COL_LOC = "location_id"
COL_CUST = "customer_id"
COL_DEMAND = "demand"


In [5]:
# ==== 2. Reproducibility helpers =============================================
def set_seeds(seed: int = SEED) -> None:
    """Set seeds for reproducible runs."""
    np.random.seed(seed)
    tf.random.set_seed(seed)

In [6]:
# ==== 3. Data generation (SCM-like structure) ================================
def generate_scm_orders(
    n_days: int,
    n_skus: int,
    n_locations: int,
    n_customers: int,
) -> pd.DataFrame:
    """
    Create a synthetic dataset that mimics supply-chain demand drivers:
    - Multi-entity hierarchy: SKU x Location x Customer
    - Calendar seasonality + weekly patterns
    - Promotions/events (semi-structured "event-like" shocks)
    - Lead/lag effects (demand depends on past demand)
    """
    dates = pd.date_range("2024-01-01", periods=n_days, freq="D")

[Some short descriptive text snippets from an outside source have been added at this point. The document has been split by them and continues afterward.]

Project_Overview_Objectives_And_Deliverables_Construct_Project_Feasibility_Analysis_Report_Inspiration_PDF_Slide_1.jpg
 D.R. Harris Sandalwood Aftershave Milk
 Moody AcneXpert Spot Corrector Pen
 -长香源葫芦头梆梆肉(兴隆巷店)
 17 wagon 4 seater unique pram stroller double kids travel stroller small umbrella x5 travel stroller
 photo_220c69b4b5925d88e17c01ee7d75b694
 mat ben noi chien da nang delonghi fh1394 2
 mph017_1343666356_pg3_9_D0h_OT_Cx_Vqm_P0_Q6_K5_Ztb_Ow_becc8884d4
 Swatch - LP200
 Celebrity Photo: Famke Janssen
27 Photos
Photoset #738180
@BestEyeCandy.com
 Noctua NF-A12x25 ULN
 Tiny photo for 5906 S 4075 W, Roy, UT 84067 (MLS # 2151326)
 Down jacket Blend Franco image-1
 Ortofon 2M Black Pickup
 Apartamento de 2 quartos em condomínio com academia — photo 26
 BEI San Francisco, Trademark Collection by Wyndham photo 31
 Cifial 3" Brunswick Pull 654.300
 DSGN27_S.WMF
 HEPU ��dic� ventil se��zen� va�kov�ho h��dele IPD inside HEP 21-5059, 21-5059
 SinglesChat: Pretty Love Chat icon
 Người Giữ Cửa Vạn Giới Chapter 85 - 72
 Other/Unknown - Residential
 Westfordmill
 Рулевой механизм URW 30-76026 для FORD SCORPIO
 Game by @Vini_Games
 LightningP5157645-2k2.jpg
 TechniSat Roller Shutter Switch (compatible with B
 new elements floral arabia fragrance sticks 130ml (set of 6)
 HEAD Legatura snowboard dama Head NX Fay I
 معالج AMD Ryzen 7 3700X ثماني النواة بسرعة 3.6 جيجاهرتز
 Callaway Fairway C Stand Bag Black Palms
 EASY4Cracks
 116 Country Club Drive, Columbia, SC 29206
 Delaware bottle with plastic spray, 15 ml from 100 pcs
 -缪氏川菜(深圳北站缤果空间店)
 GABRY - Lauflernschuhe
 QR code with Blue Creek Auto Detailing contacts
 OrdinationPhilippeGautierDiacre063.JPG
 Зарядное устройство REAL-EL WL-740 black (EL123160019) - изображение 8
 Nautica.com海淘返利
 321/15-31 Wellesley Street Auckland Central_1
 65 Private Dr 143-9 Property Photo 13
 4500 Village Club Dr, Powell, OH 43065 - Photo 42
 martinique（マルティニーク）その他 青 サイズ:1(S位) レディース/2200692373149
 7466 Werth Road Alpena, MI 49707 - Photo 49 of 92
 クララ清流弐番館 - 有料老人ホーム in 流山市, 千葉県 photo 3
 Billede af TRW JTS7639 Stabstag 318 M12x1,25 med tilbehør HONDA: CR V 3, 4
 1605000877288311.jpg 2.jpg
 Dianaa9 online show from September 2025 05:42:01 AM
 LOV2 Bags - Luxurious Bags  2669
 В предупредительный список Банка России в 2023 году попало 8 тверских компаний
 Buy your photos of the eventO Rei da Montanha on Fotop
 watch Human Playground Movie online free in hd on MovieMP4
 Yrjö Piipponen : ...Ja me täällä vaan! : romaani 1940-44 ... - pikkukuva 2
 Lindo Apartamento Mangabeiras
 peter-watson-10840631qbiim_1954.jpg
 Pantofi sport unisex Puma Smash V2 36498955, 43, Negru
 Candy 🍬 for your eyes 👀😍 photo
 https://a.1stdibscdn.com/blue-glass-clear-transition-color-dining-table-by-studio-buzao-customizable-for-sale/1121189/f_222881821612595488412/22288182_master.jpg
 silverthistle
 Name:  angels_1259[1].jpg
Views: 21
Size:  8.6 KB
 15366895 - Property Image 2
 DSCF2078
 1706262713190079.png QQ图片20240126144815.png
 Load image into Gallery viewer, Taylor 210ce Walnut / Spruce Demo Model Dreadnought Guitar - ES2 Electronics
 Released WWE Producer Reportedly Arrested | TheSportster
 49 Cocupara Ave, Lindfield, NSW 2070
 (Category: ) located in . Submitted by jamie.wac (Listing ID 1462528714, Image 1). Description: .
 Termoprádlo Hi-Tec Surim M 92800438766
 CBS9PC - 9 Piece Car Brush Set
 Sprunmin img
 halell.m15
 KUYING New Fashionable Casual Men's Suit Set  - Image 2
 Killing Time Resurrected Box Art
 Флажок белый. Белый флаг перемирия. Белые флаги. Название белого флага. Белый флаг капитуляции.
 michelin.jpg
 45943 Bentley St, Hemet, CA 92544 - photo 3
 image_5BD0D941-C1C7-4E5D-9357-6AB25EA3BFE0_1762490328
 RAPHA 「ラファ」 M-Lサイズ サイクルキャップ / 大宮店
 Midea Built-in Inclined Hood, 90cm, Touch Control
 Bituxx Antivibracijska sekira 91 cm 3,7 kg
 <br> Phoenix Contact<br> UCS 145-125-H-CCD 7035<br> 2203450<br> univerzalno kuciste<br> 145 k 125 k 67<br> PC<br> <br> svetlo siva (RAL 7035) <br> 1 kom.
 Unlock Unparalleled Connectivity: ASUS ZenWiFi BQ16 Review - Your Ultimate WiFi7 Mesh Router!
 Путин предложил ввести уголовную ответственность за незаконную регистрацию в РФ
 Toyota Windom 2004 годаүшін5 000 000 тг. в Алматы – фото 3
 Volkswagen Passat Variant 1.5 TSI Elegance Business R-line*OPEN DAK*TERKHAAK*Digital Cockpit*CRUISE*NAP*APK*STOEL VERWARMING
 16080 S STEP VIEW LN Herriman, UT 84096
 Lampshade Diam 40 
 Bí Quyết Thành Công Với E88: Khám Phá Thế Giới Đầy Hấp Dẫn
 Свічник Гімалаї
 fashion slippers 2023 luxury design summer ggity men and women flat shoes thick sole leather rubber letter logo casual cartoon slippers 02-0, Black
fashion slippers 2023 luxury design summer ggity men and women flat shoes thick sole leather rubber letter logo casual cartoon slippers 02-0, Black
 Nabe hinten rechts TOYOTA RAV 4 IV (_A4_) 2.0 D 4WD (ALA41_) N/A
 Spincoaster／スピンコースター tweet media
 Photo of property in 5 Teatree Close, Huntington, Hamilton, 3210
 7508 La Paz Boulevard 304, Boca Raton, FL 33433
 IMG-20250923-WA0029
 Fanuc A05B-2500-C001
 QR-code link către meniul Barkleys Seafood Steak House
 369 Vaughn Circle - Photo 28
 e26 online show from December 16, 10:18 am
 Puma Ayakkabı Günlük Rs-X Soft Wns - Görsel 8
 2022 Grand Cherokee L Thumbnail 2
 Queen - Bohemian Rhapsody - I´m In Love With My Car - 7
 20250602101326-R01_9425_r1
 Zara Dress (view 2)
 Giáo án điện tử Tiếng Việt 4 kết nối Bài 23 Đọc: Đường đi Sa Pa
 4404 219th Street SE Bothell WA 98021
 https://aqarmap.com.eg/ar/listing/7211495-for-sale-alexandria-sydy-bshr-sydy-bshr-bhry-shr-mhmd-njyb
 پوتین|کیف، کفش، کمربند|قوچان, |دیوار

    # Build the Cartesian product: each day has many entity combinations.
    # This is common in SCM: millions of rows across SKU–Location–Customer–Day.
    grid = pd.MultiIndex.from_product(
        [dates, range(n_skus), range(n_locations), range(n_customers)],
        names=[COL_DATE, COL_SKU, COL_LOC, COL_CUST],
    ).to_frame(index=False)

    # Entity “strengths” (nonlinear + heterogenous effects)
    sku_base = np.random.lognormal(mean=2.0, sigma=0.4, size=n_skus)
    loc_factor = np.random.uniform(0.7, 1.3, size=n_locations)
    cust_factor = np.random.uniform(0.6, 1.5, size=n_customers)

    # Calendar patterns
    dow = grid[COL_DATE].dt.dayofweek.values  # 0..6
    week_seasonality = 1.0 + 0.15 * np.sin(2 * np.pi * dow / 7.0)

    day_idx = (grid[COL_DATE] - grid[COL_DATE].min()).dt.days.values
    year_seasonality = 1.0 + 0.20 * np.sin(2 * np.pi * day_idx / 90.0)  # ~quarterly-ish

    # Event shocks (semi-structured "events"): sparse, bursty, non-linear impact
    # Why it matters: SCM often has irregular events (promotions, disruptions).
    event_flag = (np.random.rand(len(grid)) < 0.01).astype(np.float32)
    event_lift = 1.0 + event_flag * np.random.uniform(0.5, 2.0, size=len(grid))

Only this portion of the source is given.